New Method to Detect the Transport Scattering Mechanisms of Graphene Carriers

TL;DR

This paper introduces a novel method to accurately determine carrier scattering mechanisms in graphene by analyzing the Seebeck coefficient, overcoming limitations of previous techniques and revealing temperature-dependent scattering behaviors.

Contribution

The authors developed a new methodology to detect scattering relaxation time as a function of carrier energy, eliminating photon-carrier scattering influence and over-fitting issues present in prior methods.

Findings

Dirac carriers are mainly scattered by short-range interactions at 40 K.

Long-range Coulomb interaction scattering increases with temperature.

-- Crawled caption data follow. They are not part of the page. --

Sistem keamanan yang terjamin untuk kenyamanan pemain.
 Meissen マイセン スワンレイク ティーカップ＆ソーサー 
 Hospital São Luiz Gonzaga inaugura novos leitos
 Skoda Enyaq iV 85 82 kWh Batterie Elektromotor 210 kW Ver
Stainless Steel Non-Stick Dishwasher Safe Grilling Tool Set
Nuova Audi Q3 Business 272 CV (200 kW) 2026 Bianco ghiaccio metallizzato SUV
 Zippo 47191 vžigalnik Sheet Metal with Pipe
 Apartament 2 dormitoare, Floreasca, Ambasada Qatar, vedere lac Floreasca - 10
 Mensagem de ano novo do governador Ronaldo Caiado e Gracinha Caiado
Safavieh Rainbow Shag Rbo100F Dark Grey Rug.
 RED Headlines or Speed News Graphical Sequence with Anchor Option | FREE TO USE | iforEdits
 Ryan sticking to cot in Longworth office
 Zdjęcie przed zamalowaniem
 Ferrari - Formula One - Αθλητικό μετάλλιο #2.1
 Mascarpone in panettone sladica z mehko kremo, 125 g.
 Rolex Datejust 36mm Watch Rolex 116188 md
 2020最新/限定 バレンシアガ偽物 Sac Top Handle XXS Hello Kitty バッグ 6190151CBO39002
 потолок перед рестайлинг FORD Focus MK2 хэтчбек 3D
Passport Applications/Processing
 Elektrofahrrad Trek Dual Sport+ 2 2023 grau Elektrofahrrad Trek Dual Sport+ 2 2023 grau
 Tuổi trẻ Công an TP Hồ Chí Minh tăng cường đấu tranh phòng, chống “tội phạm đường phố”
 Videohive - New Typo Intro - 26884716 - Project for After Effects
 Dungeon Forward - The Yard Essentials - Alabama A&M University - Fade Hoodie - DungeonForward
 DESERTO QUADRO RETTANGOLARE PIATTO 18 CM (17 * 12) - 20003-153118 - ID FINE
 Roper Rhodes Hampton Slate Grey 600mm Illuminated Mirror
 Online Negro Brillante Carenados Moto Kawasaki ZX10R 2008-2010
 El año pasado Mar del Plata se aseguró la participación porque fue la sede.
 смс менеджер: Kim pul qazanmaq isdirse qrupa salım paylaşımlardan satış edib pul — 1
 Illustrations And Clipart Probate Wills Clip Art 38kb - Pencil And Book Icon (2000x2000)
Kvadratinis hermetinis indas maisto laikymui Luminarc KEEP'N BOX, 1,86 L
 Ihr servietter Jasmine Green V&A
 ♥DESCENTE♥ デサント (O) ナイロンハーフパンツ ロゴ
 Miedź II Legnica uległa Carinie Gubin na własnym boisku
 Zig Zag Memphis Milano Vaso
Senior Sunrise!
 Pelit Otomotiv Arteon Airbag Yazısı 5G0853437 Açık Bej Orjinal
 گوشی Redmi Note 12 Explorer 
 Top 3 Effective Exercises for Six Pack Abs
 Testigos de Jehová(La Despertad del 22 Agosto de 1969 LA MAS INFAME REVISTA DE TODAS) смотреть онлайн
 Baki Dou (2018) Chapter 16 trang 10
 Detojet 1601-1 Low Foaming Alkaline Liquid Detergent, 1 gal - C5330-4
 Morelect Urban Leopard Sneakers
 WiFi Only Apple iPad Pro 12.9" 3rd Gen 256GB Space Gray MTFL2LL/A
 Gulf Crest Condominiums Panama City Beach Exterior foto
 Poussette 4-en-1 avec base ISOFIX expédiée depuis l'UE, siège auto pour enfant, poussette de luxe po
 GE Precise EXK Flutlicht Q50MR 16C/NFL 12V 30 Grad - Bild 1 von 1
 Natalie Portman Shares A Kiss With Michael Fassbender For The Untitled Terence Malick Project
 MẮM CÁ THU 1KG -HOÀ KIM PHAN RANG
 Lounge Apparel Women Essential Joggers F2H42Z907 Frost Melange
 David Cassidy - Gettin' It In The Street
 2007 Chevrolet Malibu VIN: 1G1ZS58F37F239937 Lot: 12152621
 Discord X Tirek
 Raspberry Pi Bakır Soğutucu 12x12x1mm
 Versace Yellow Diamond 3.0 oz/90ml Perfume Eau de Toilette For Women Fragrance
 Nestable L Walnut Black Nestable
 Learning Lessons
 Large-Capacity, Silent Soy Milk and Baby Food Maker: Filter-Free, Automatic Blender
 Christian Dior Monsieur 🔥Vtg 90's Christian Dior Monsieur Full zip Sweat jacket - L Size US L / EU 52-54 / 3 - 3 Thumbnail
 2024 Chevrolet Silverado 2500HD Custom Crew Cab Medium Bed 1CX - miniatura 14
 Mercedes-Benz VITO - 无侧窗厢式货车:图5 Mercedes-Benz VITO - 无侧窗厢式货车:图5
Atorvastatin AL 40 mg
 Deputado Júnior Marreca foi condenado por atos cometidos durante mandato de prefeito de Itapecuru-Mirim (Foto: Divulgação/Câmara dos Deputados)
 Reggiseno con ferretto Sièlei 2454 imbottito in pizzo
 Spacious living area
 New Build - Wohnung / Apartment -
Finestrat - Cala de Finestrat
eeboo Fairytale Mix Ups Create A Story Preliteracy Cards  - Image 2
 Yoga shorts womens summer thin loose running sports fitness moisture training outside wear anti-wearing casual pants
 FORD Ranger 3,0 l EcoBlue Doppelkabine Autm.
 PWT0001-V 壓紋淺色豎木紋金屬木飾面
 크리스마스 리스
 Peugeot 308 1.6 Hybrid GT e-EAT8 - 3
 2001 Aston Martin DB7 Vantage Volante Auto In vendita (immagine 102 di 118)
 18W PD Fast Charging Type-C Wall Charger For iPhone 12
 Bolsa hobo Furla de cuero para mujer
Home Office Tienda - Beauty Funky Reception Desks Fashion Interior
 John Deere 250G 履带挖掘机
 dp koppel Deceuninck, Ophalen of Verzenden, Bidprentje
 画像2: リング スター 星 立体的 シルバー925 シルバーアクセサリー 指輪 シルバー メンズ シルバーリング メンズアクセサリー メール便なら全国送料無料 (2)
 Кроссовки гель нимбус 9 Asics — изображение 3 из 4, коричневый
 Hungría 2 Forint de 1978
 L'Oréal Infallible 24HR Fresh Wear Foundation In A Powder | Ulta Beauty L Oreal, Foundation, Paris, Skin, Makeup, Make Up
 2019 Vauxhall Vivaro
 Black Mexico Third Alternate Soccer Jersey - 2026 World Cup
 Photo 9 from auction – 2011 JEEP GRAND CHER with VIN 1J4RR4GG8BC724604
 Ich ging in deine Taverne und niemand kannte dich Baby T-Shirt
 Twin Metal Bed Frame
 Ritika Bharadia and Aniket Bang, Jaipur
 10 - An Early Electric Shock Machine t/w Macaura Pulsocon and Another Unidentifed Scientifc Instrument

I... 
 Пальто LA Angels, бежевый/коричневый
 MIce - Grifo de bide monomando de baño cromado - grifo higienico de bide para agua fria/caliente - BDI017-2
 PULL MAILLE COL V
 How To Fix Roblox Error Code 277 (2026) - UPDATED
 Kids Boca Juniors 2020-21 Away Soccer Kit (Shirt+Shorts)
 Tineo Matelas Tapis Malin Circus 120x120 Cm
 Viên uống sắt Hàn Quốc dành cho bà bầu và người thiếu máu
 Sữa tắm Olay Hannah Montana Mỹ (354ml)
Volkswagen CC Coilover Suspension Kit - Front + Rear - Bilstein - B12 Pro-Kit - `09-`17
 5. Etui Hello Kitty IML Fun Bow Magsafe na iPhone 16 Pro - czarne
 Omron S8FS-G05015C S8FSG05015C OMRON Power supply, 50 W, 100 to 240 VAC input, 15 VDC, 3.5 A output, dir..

At 300 K, both scattering mechanisms have comparable strengths.

Abstract

Detecting the carrier scattering mechanisms in a materials system is important for transport related science and engineering. The approaches of fast laser process and electrical conductivity matching were used in previous literature, which do not give accurate information on scattering relaxation time as a function of carrier energy for intrinsic photon-free transport. Graphene is considered as a model system in materials science studying for its simple atomic and electronic structures. Here we have developed a new methodology to detect the scattering relaxation time as a function of carrier energy, which can be used to infer the carrier scattering mechanisms at different temperatures. Our method utilizes the measured values of optimal Seebeck coefficient, for both P-type and N-type materials. This new approach can eliminate the influence from photon-carrier scattering in the fast-laser method, and avoid the over-fitting issue in the electrical conductivity matching method. We have then applied the new approach in the SiO2 substrated graphene system, and discovered that the Dirac carriers are mainly scattered by short-range interactions at 40 K. The scatter strength of long-range Coulomb interaction increases with temperature. At 300 K, the long-range and short-range interactions scatter the Dirac carriers with almost comparable strengths.